Domain-Contextualized Inference: A Computable Graph Architecture for Explicit-Domain Reasoning
This work addresses the challenge of transparent and efficient domain-specific reasoning for AI systems, though it appears incremental as it builds on existing architectural concepts.
The paper tackles the problem of making domain an explicit computational parameter in inference architectures, resulting in domain-scoped pruning that reduces per-query search space from O(N) to O(N/K) and enabling substrate-independent execution across symbolic, neural, vector, and hybrid systems.
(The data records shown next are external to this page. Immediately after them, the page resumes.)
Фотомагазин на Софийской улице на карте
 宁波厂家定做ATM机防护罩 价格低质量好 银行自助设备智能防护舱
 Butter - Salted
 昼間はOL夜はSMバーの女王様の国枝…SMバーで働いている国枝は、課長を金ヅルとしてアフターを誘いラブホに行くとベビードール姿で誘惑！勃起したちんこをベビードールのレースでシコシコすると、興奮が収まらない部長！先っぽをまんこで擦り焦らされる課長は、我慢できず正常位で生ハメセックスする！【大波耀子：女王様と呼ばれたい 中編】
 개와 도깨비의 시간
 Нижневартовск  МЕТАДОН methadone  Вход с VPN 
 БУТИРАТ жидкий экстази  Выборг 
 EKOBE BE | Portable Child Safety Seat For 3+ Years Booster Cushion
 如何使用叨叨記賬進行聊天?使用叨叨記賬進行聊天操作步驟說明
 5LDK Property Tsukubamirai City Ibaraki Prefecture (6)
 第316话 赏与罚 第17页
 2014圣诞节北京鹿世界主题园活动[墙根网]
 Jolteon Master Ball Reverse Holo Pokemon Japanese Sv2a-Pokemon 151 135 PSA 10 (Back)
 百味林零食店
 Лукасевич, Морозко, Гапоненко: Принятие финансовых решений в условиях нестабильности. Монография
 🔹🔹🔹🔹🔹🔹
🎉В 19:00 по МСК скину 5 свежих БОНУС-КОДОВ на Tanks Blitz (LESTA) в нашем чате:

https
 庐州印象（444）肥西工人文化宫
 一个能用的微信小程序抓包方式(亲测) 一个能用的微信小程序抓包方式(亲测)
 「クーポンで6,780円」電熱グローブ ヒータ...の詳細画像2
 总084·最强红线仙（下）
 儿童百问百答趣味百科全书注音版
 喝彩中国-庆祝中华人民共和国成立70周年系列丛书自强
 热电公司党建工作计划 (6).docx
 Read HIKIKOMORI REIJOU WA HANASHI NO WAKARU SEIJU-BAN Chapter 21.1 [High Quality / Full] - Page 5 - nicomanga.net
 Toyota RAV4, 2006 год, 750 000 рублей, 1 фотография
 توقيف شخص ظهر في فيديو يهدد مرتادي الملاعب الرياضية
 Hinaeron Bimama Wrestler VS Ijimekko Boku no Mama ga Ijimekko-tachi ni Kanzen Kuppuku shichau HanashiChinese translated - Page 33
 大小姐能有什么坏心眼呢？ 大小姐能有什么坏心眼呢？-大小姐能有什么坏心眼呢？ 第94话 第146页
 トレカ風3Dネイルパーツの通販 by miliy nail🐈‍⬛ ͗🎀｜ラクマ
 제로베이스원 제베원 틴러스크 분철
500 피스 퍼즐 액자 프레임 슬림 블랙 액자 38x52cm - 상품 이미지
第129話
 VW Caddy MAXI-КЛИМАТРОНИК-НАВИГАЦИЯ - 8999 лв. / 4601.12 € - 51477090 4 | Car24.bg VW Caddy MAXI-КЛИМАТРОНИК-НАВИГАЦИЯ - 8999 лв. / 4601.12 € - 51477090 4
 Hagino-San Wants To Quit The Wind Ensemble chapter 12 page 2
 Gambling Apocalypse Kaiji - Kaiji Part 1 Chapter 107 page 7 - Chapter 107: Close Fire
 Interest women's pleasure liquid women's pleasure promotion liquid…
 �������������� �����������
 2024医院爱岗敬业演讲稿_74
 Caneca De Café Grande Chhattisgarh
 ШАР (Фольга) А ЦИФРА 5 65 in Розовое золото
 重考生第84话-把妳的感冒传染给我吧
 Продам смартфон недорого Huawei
We establish a computation-substrate-agnostic inference architecture in which domain is an explicit first-class computational parameter. This produces domain-scoped pruning that reduces per-query search space from O(N) to O(N/K), substrate-independent execution over symbolic, neural, vector, and hybrid substrates, and transparent inference chains where every step carries its evaluative context. The contribution is architectural, not logical. We formalize the computational theory across five dimensions: a five-layer architecture; three domain computation modes including chain indexing, path traversal as Kleisli composition, and vector-guided computation as a substrate transition; a substrate-agnostic interface with three operations Query, Extend, Bridge; reliability conditions C1 to C4 with three failure mode classes; and validation through a PHQ-9 clinical reasoning case study. The computational theory including operational semantics, complexity bounds, monad structure, substrate transitions, and boundary conditions is the contribution of this paper.